In electronics, large crystal of silicon is used as the basis for semiconductor computer chips and switching devices for electric grid applications. The efficiency of electronic devices is dependent on the perfection of the crystals as it offers better control of electron flow without loss. Different types of semiconductor crystals, like diamond, can outperform silicon but are essentially unavailable for use. The current project proposes to use artificial intelligence on the data generated and collected during crystal growth to predict parameters instead of trial and error for growth of defect free crystals. The use artificial intelligence will assess the data generated during the growth process itself, the current state of crystal growth, and predict the growth results. Development and integration of deep learning artificial intelligence architectures in the Chemical Vapor Deposition process will make growth predictions more accurate and add defect assessment to the prediction for manufacturing of diamond material System. Outcome of the project will accelerate the development cycles and reduce costs for manufacturing processes which will be adaptable to a broad range of crystal growth processes for electronics. Concepts developed in the project will be integrated into existing courses, capstone projects will be designed for students, and education modules will be developed for training operators. A course in data collection, handling, and interpretation will be developed for vocational workers to understand, adapt, and team with artificial intelligence augmented manufacturing machines in the work environment. The course will be disseminated to manufacturing community by partnering with the Automation Alley, an industry manufacturing consortium.

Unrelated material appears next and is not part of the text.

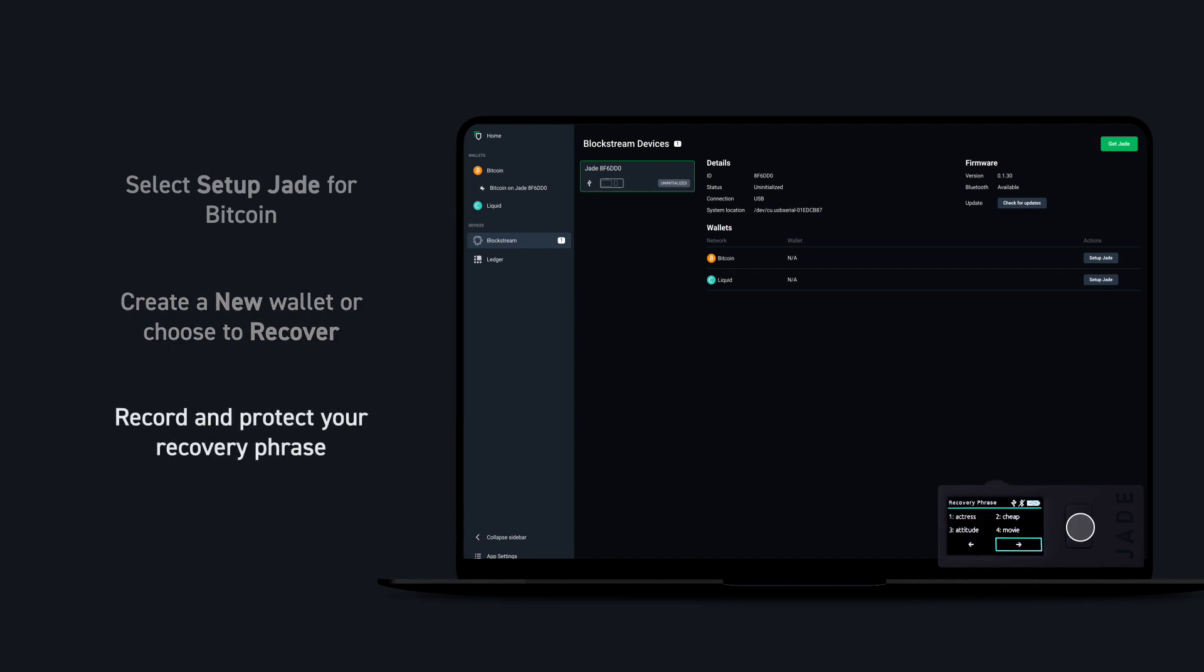Write down your recovery phrase carefully and keep these words backed up and protected. If you ever forget your PIN or lose your Jade, you'll need them to restore your wallet.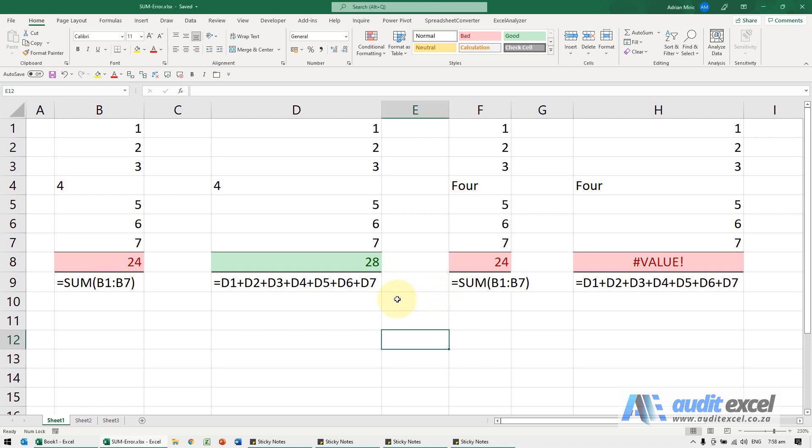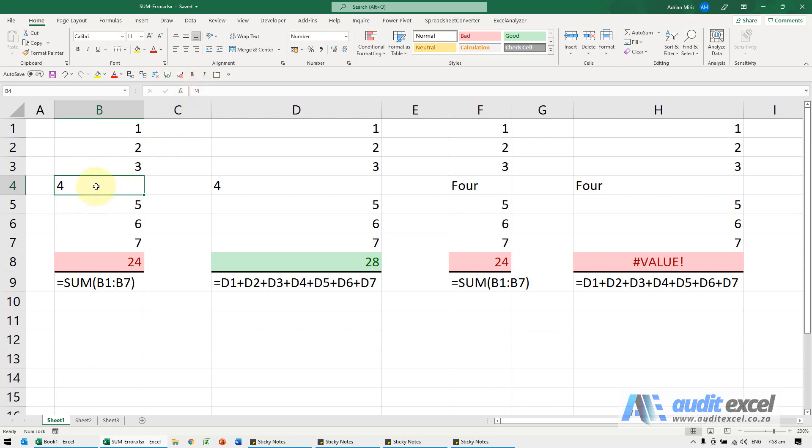If Excel is not summing correctly, this could be a problem. Notice here we've got a set of numbers, and this I've made very obvious. This 4 here has got an apostrophe in front of it which makes it look like text.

The proposed project will design and develop a holistic artificial intelligence platform to solve the problems of traditional approaches for growth of large-scale crystalline diamond material system. The approach will focus on increasing the resolution of image collection and training the program to resolve problems with spatio-temporal data, including: (1) checkerboard artifacts, (2) lack of photo-realism, and (3) inability to prevent feature loss, while maintaining a large frame resolution. Further, the artificial intelligence architectures developed for this project will be merged into solutions for frame prediction based on input time series parameters like temperature and defects to achieve state-of-the-art accuracy metrics in growth state prediction. The large scale and defect free diamond material system is one of the most challenging and holds the promise of revolutionizing power device technology. The enhanced predictive capabilities proposed in this project derived from higher resolution images and incorporation of microscope defect data will enable in-process control of the evolving growth process for diamond and will lead the way for fully automated process control of crystal growth processes for manufacturing.
This award reflects NSF's statutory mission and has been deemed worthy of support through evaluation using the Foundation's intellectual merit and broader impacts review criteria.